Какая блестящая экономия средств, какой «динамический» синтаксис в репликах Лизы («А в доме стук, ходьба, метут и убирают» и др.), в бытовой болтовне Фамусова:
- А ты, сударыня, чуть из постели прыг,
- С мужчиной! с молодым! – Занятье для девицы!
- . . . . . . . . . . . . . . . . . .
- А все Кузнецкий мост, и вечные французы…
Вот почему выпархивающая откуда ни возьмись в речи старого брюзги рифма «музы» здесь столь же «своя», сколь и шляпки, чепцы, и шпильки, и булавки, следующие несколькими стихами ниже. Блоковские «десять шпилек» еще ждали своего часа. Современники же Грибоедова, ощущая прелесть этих стихов, еще не могли ее себе объяснить, поскольку не было привычки к предметной, реалистической поэзии среди сентиментальной или романтической лирики Батюшкова, Жуковского, самого Пушкина, в 1822–1823 годах, когда создавалось «Горе от ума», отстававшего от Грибоедова на полшага.
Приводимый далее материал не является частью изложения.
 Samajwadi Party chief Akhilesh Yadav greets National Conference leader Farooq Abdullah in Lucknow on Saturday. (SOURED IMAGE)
Стоит внимательно вчитаться и в «сон Софьи», подлинность которой (и недаром!) была так сомнительна для Пушкина. Через эту «не то… не то московскую кузину» идет вперехлест лирическая волна замечательных стихов. Вот, например, предвестье «сна Татьяны»:
- Потом пропало все: луга и небеса.—
- Мы в темной комнате. Для довершенья чуда
- Раскрылся пол – и вы оттуда,
- Бледны как смерть, и дыбом волоса!
- Тут с громом распахнули двери
- Какие-то не люди и не звери,
- Нас врознь – и мучили сидевшего со мной.
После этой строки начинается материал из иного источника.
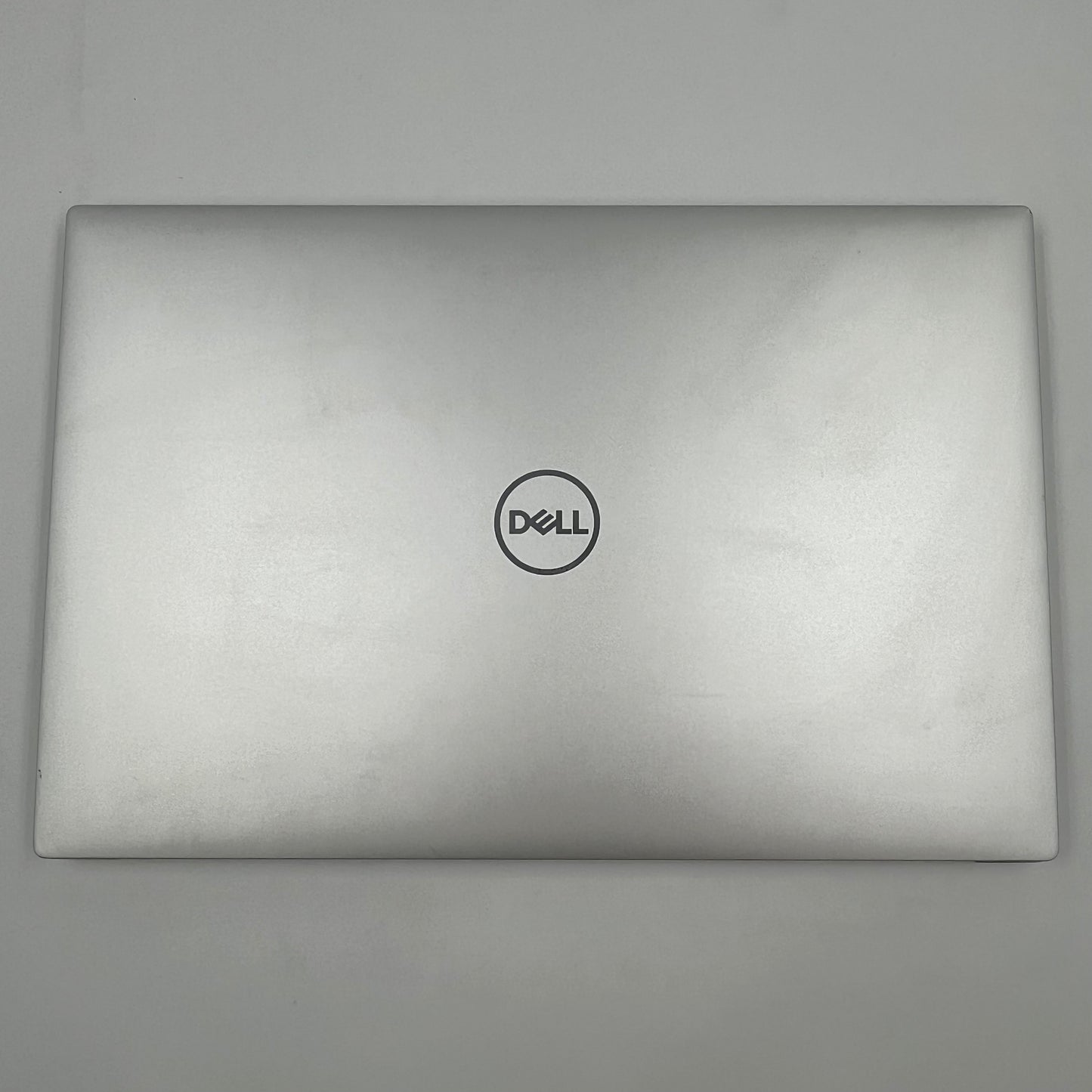 Dell XPS 15 9510 P91F 15.6" i7-11800H 2.3GHz 16GB 512GB SSD GeForce RTX 3050 Ti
- Он будто мне дороже всех сокровищ.
- Хочу к нему – вы тащите с собой:
- Нас провожают стон, рев, хохот, свист чудовищ!
- Он вслед кричит!..
Не слишком ли расточителен здесь Грибоедов? Для его Софьи, чтобы обмануть Фамусова, хватило бы куда менее подробной, а главное – впечатляющей картины. Эта темная комната, хлопающие двери, «какие-то не люди и не звери», эти стонущие, ревущие и хохочущие чудовища так похожи на пушкинских!
Можно заметить, что и сон-то тоже «пророческий», только не Молчалину предстоят в действительности мучения, а Чацкому: в этом, кстати, заключается трагическая ошибка Софьи.